Ocurrió así. Estábamos ensayando para la fiesta de la chilenidad del colegio y dentro del minucioso ensayo se incluía izar la bandera cantando el himno (parece que acá les falta su Aurora). El canto se hacía sin ninguna gracia particular, más allá del entusiasmo de un reducido grupo de segundo medio. No importó. Sonó el himno y me sorprendí emocionándome por primera vez con el canto patrio. No me vio nadie. Tampoco fue nada tan escandaloso. No es tan ajeno a mi emotividad habitual. Pero algo pasó y me dejó pensando.
¿En qué momento este mismo país que encontré frío desde que llegué hace cinco años, ahora despertaba un calor interior? ¿En qué momento este mismo país de particular trato que aparentemente limita con el desinterés o el desprecio ahora me emocionaba? ¿En qué momento este mismo país que se veía extrañamente amenazado o competido por mi país de nacimiento ahora me hacía sentir heredero predilecto de O’Higgins? No se muy bien cómo me pasó, pero sí debo admitir que nunca tuve nada en contra de Chile ni de los chilenos (como ingenuamente tampoco tengo nada en contra de la gente).
Sí tengo una historia de vacaciones del uno a uno que me une a Chile casi desde la cuna. Hice vacaciones en Cachagua antes de saber que era cuico y qué era cuico. Pase algunos veranos en Villarrica sin complejos por no haber llegado a Pucón. Ahí conocí tal vez lo mejor que tiene Chile: el sanhenous. Una vez que me tocó instalarme acá descubrí preciosas cotidianeidades. Me encanta comer negrita que cierra la grieta argentina entre titistas y rodhesistas. Me sorprende la estabilidad económica y me divierto por las preocupaciones de un dólar que subió cien pesos en los últimos meses. Soy fanático del metro y tengo la extraña fantasía de pasarme un día entero bajo tierra haciendo todas las combinaciones que la red me permita con el boleto único. Nunca estuve tan aburrido para hacerlo. Sin embargo, mi admiración por el transporte no es capaz de emocionarme.

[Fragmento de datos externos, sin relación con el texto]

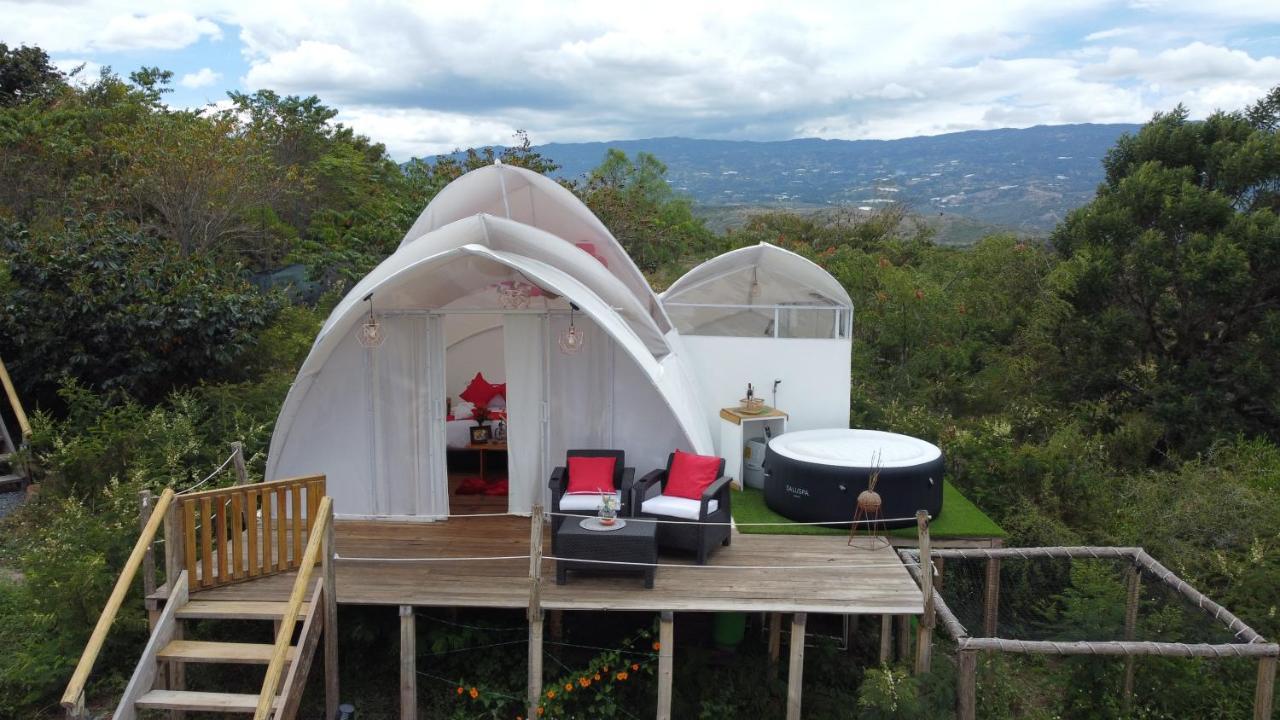 豪華帳篷 Origen Glamping En De Leyva Villa de Leyva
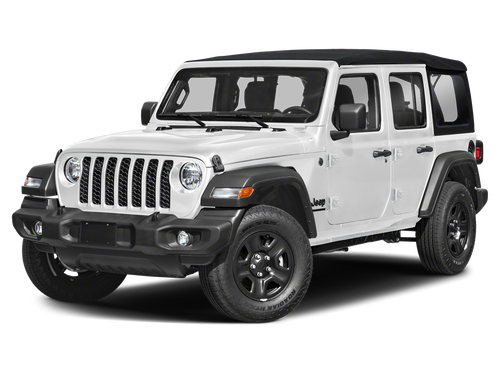 2024 Jeep Wrangler WRANGLER 4-DOOR SAHARA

Midiendo las altas cuotas de humo que vengo desarrollando también debo admitir que no me he nublado. Sorprende la confianza que tiene su gente en resolver conflictos escribiendo cartas y juntando firmas. Santiago será muy linda, pero no es Buenos Aires. Parte de la Iglesia chilena me da vergüenza. Las derrotas en las finales de las Copa América lamentaron no haber sido fana del ballet. No terminé de hacerme hincha de ningún club. La piscola la tomo, pero con amigos fernet. Me cansa que me traten de usted. Y me hicieron descubrir un pecado que nunca había escuchado y si quiera sabía que existía: “pasar a llevar”.

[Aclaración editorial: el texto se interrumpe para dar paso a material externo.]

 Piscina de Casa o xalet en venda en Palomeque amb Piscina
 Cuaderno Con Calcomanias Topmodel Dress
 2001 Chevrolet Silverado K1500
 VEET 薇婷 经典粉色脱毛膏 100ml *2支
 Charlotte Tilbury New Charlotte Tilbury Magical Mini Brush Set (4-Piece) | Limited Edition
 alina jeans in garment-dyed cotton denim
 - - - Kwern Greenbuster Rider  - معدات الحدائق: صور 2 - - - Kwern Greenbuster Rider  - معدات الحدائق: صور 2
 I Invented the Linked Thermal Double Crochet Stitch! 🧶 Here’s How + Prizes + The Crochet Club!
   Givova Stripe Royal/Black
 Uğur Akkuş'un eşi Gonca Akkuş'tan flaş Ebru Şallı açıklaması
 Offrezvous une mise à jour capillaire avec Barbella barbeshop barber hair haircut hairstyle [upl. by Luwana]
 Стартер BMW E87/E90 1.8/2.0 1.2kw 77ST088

¿De dónde entonces la emoción? Aprendo que virtudes y defectos no se equilibran, como así tampoco amores y desamores, porque el desafío precisamente no es vivir en el equilibrio sino en la virtud y en el amor. En ese juego mis experiencias en este pasillo del mundo, entre el Norte grande recién conocido y el Sur no tan Sur redescubierto me han ido ganando el corazón. Ahí también se alojan un sinnúmero de amigos que aquí nacieron (y lamentablemente también uno aquí murió). Entre esos lugares y personas se han ido tejiendo historias que han hecho de Chile un lugar de mi biografía, de mis amores, de mis luchas, de mi crecimiento, de mi (in)madurez, de mis tristezas, de mi pueblo, de mi oración, de mi paisaje. Al final de cuentas de mí mismo.

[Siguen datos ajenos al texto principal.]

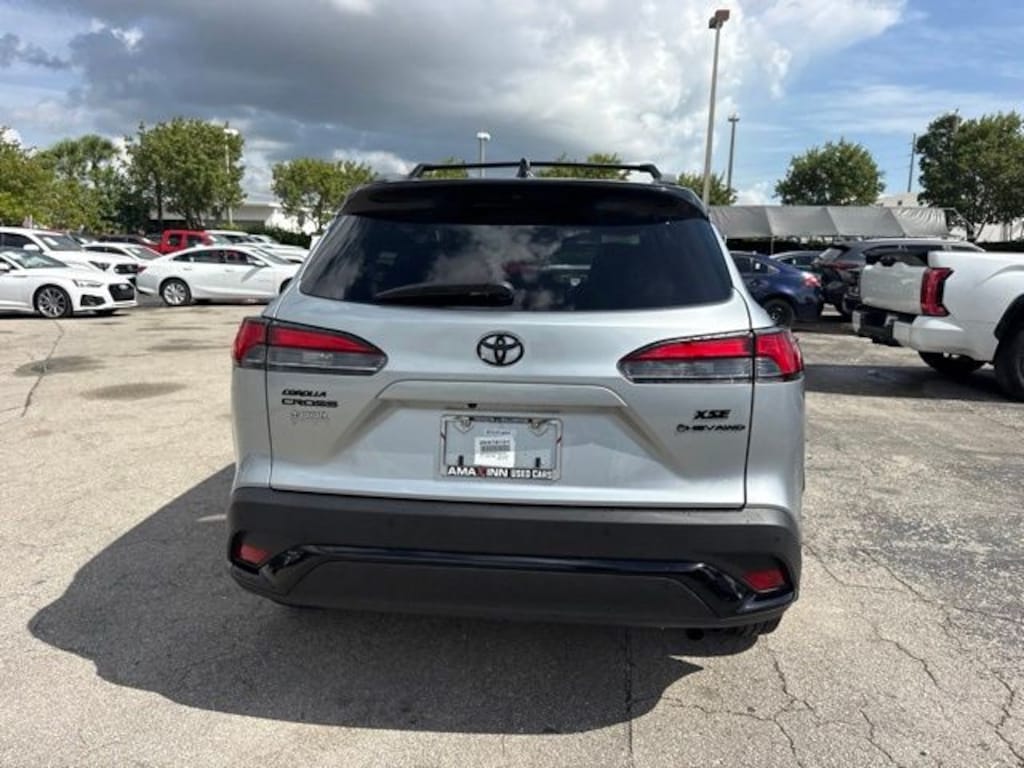 Used 2025 Toyota Corolla Cross Hybrid XSE SUV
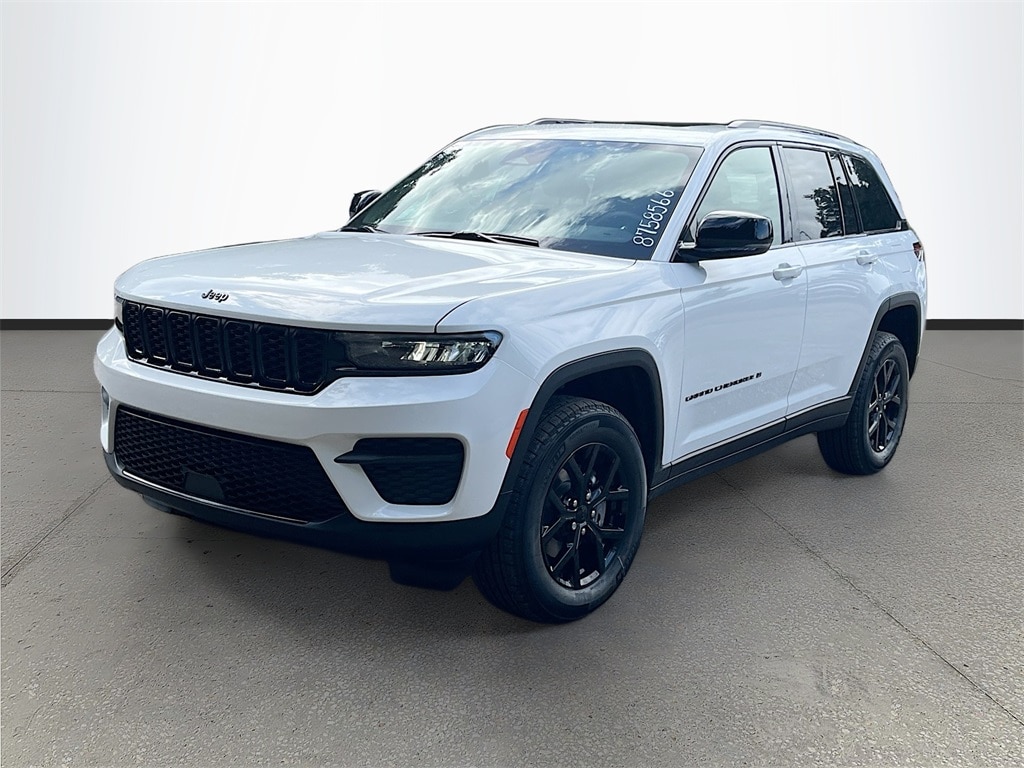 New 2025 Jeep Grand Cherokee ALTITUDE X 4X2 Sport Utility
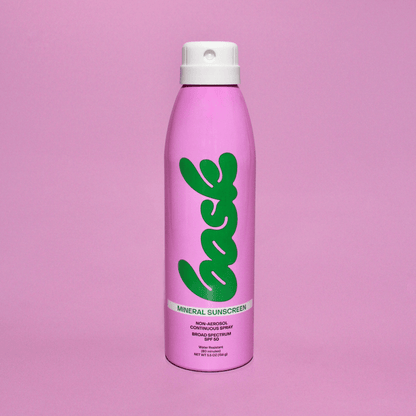 Bask Sunscreen | SPF 50 Mineral Non-Aerosol Spray - Fragrance-Free - Bask Sunscreen - Living with Ivey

Emocionarme con el himno chileno es emocionarme con cómo Dios sigue abriéndome el corazón y permite que este porteño que nunca se había imaginado viviendo más allá de la General Paz, hoy se pueda sentir en casa viviendo del otro lado de la Cordillera. “Y Alcanzamos plenitud cuando rompemos las paredes y el corazón se nos llena de rostros y de nombres” (EG 274).